La version de votre navigateur est obsolète. Nous vous recommandons vivement d'actualiser votre navigateur vers la dernière version.

Renaud Longchamps

Photographié par Stéphanie Gilbert.

Extrait de Quatre saisons en enfer

 

Le 12 septembre 2007.

 

Les poisons m’épuisent, mais je ne ressens pas encore la fatigue de la vie chaotique. Celle réglementée par l’étonnant privilège d’exister. Je suis las de m’obliger à la nature quand elle n’a rien à dire à ma vie, quand elle s’agite en vain pour la reproduction et la fatalité.

 

«La vraie vie est ailleurs», disent les croque-morts, pieds figés dans la réalité. Pas sur ce grabat taché de plaintes, pas dans la morne étendue de mon silence aristocratique. Encore moins dans cette salle qui rétrécit les veines anciennes, qui se dilate seulement avec les rêves de mes frères endormis. La vraie vie est ailleurs et j’ai tout arraché à ma chair sans rien prendre à l’existence.

 

Sans cesse elle occupe l’espace vierge où les ancêtres ont déjà marché, où nous avons toujours parlé de la nuit avant d’engendrer l’obscurité. La vraie vie est à jeter en bas de mon lit toujours défait.

 

Méthodique, la nature voit à l’épuisement de l’espèce, sans réclamer le bien ou le mal. «Cela est juste et bon» qu’elle psalmodie alors l’orante en extase devant le calendrier polychrome d’une femme lascive. À l’entendre, je suis trop présent pour justifier ma présence.

 

Comme la vierge blanche ne connaît pas la paix, elle vient une fois de plus me tourmenter.
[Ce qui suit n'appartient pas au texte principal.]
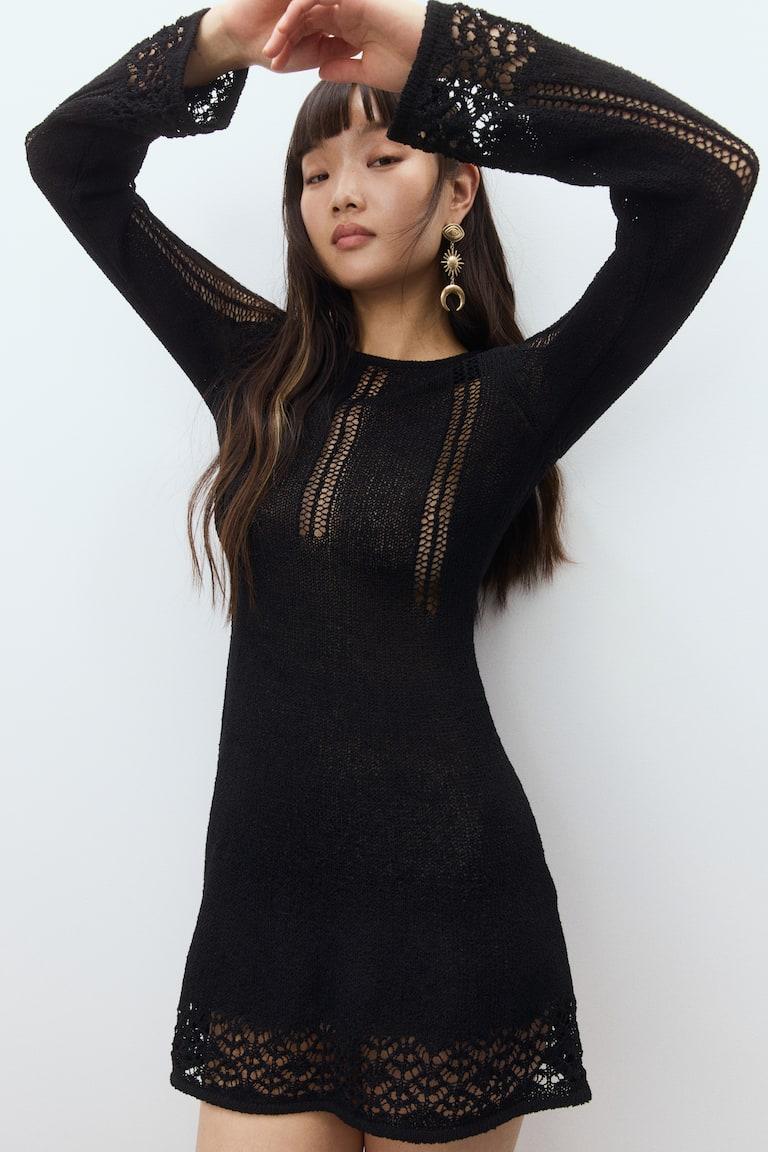 H&M Minikleid in Ajourstrick Kostenloser Versand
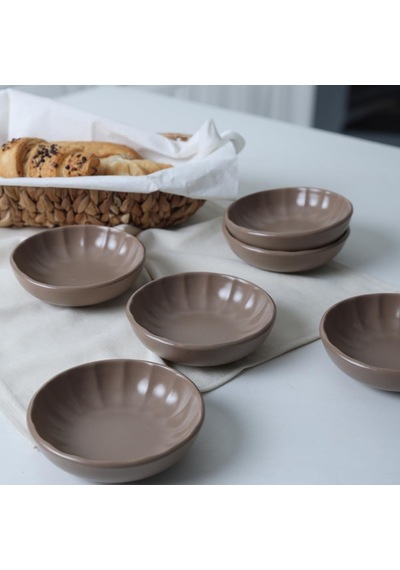 Keramika Mat Toprak Taupe Sirius Çerezlik/sosluk 12 Cm 6 Adet 977 Genel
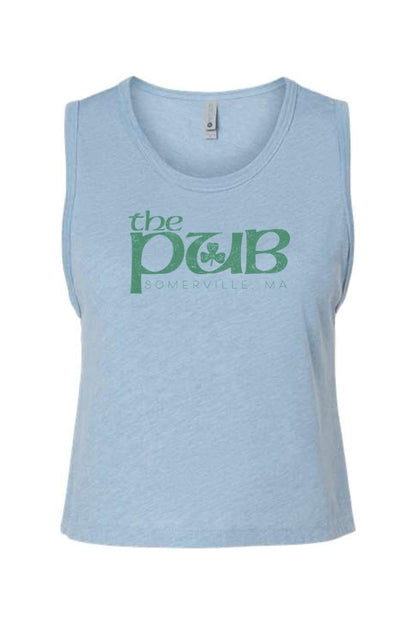 Light blue women's crop tank top with a green "The Pub Somerville, MA" logo featuring a shamrock on the front.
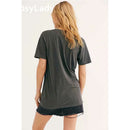 Gypsylady Damen Schwarzes T-Shirt Baumwolle Cartoon Kurzarm Vintage Damen Sommer Tops Weibliche Streetwear Grafik T-Shirts 2022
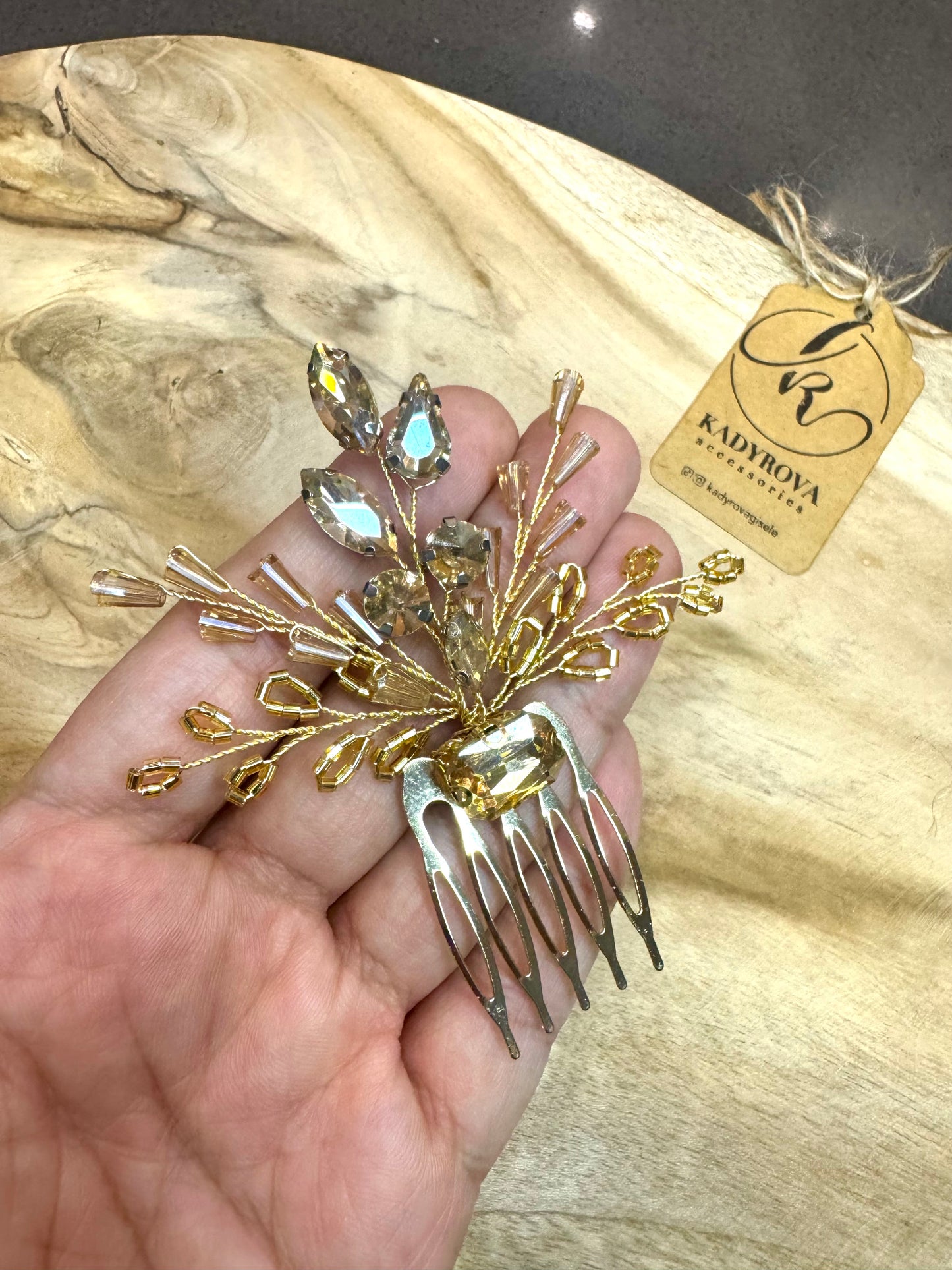 Golden color glass crystals hair accessory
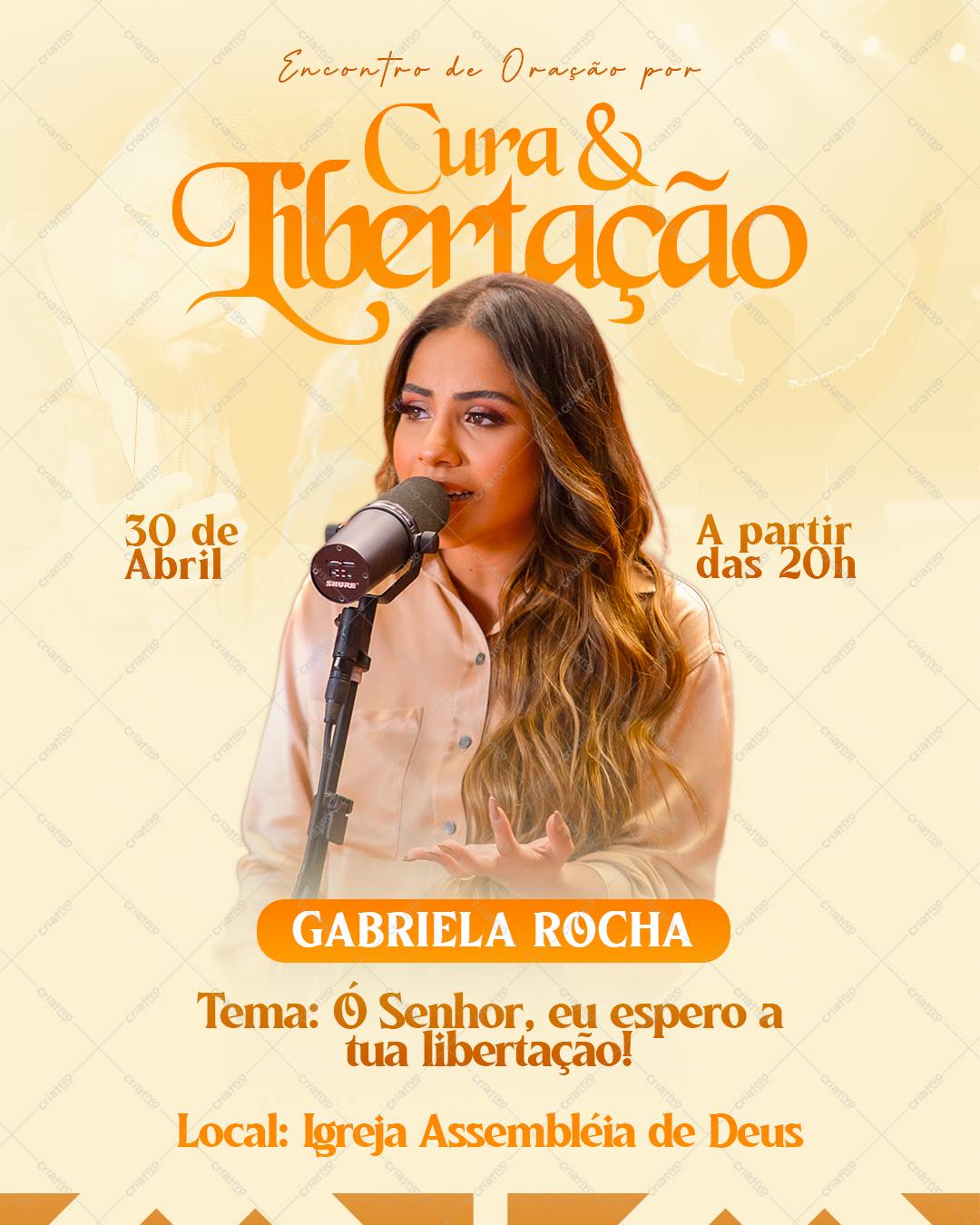 Flyer para Evento de Cura e Libertação PSD Editável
Je lui répète que je désire la vie, avant tout courte et pleine de circonstances. Pas celle trop biologique qui sert la finalité d’ancêtres dont je n’entends pas le souffle brûlant et que je ne connais pas, que je ne veux surtout pas entendre ni connaître. Je ne cherche pas quelque nirvana dans l’évitement de mes souffrances programmées. Non, je ne veux pas ce qui est et ce qui sera toujours une perpétuité légalisée par l’humanité dont le progrès suit l’usure.

 

Non, je ne veux pas cette vie punique qui appartient aux prédateurs efficaces. Je ne veux pas reproduire les mâchoires qui briseront toujours le hasard à l’heure de la nécessité. Devant la vie condamnée à son absence protocolaire, je refuse la nature de l’erreur et l’erreur dans la nature. J’ai assez d’un corps à la recherche de son évitement, perdu dans un bazar impossible à bazarder.

 

«La vraie vie est ailleurs» radotent alors en choeur les prédateurs efficaces afin de rassurer leur proie. Elle reste à reconnaître parmi le chaos considérable œuvrant pour un ordre invisible à la pitoyable réalité. Voilà pourquoi la vie reste à créer en détournant la nature de l’imposture et de la défaillance. Peut-être naîtrons-nous un jour à une vie vraiment évidente, sans échéance et sans passé ? Une vie qui ne partagera plus la nature et l’épuisement et la nature de l’épuisement.

 

Avec mes poisons bien tempérés, je n’attends rien d’un corps qui s’agite dans les matins nains. Sombre et souveraine, la nature complote avec la mort; ainsi elle négocie notre létalité. Dans la pénombre de la grande salle, je n’arrive pas à distinguer les gnomes grotesques qui dressent l’échafaud.